Le jeudi 28 février 2008
Lysiane Gagnon
La Presse
Et si Barak Obama était un Blanc? Et si Hillary Clinton était un homme? Un Blanc ordinaire, avec l'expérience relativement limitée d'Obama, aurait-il eu une trajectoire aussi spectaculaire? Hillary aurait-elle eu la partie plus facile?
Évidemment, il est presque impossible d'imaginer une version masculine de Hillary, car l'un de ses principaux handicaps est d'être mariée à l'ancien président. Les électeurs en ont marre des dynasties familiales, et elle hérite en plus de tout ce que l'on peut reprocher à son mari. Le cas d'un homme voulant succéder à sa femme à la Maison-Blanche est bien difficile à imaginer!
Cela dit, il est clair qu'une partie du dédain dont elle est l'objet - un dédain qui s'accroît à chacune de ses défaites - tient au fait qu'elle soit une femme. Un homme affichant un bilan équivalent serait plus respecté et aurait plus de chances de remporter l'investiture, face à un candidat aussi léger qu'un Obama à la peau blanche.
Hillary en version masculine n'aurait pas affronté tous ces commentaires désobligeants sur ses vêtements, sa ligne, son ton de voix. Il n'aurait pas été jugé à partir des deux poids, deux mesures classiques encore à l'oeuvre aujourd'hui. (Hillary fait-elle preuve de détermination, on la dit rigide, froide, castratrice. Exprime-t-elle une émotion, on la dit manipulatrice, ou trop fragile pour devenir «commandant en chef»)

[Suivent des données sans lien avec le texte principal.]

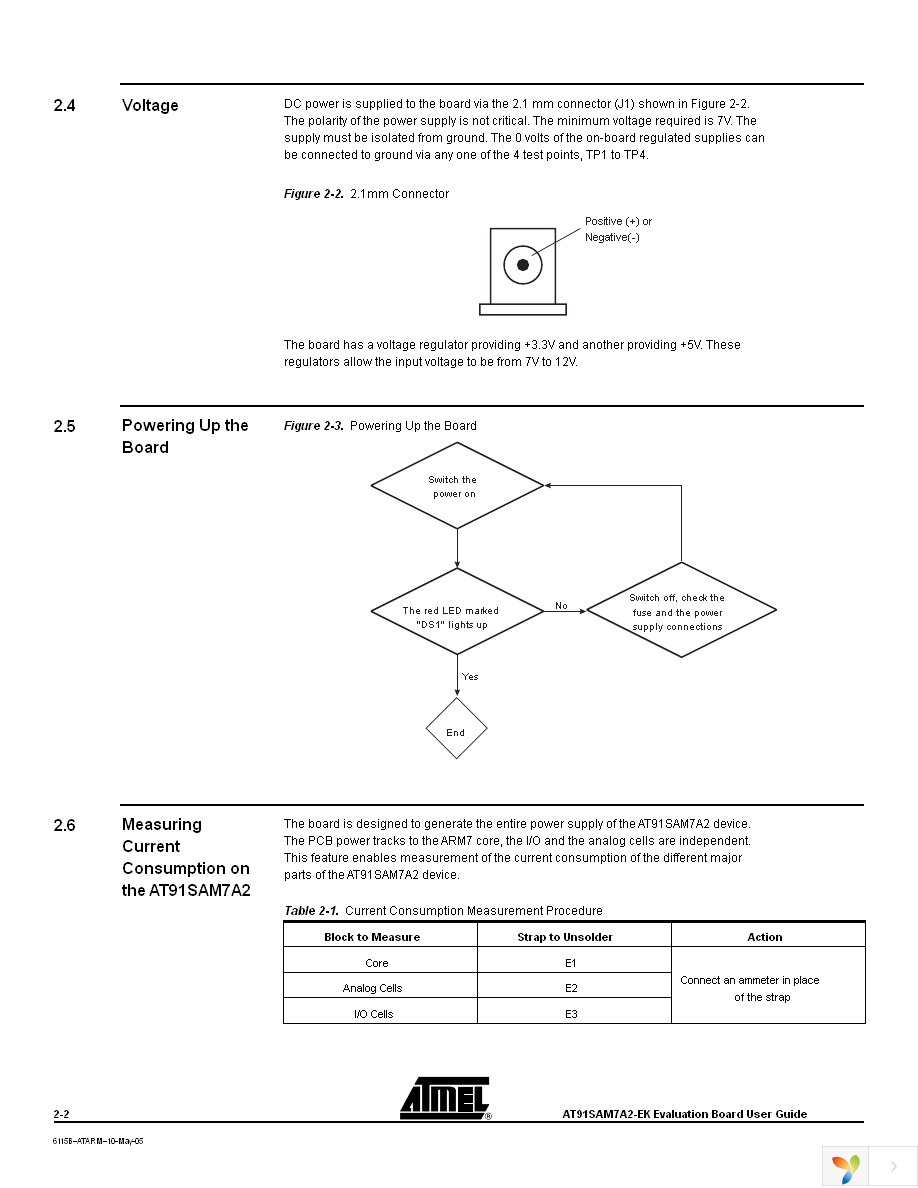 AT91SAM7A2-EK Page 8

La loi des deux poids, deux mesures s'applique aussi à Obama. Mais lui, par contre, en bénéficie. À sa place, un Blanc aurait probablement été jugé plus sévèrement.
On lui aurait demandé plus souvent où est la substance, derrière l'éloquence et le charisme. On aurait souligné à gros traits rouges son manque d'expérience sur la scène nationale, et la naïveté de ses positions en politique étrangère, lui qui se dit prêt à rencontrer sans condition préalable les ennemis les plus irréductibles des États-Unis (Chavez et surtout Ahmadinejad). On aurait examiné de plus près le «pedigree» de ses conseillers (dont le trouble pasteur de l'église à laquelle il appartient). On l'aurait accusé à grands cris d'être irresponsable, lui qui prône le retrait immédiat des troupes en Irak, un pays ravagé que le retrait sans transition des forces américaines pourrait mener au bord de la guerre civile.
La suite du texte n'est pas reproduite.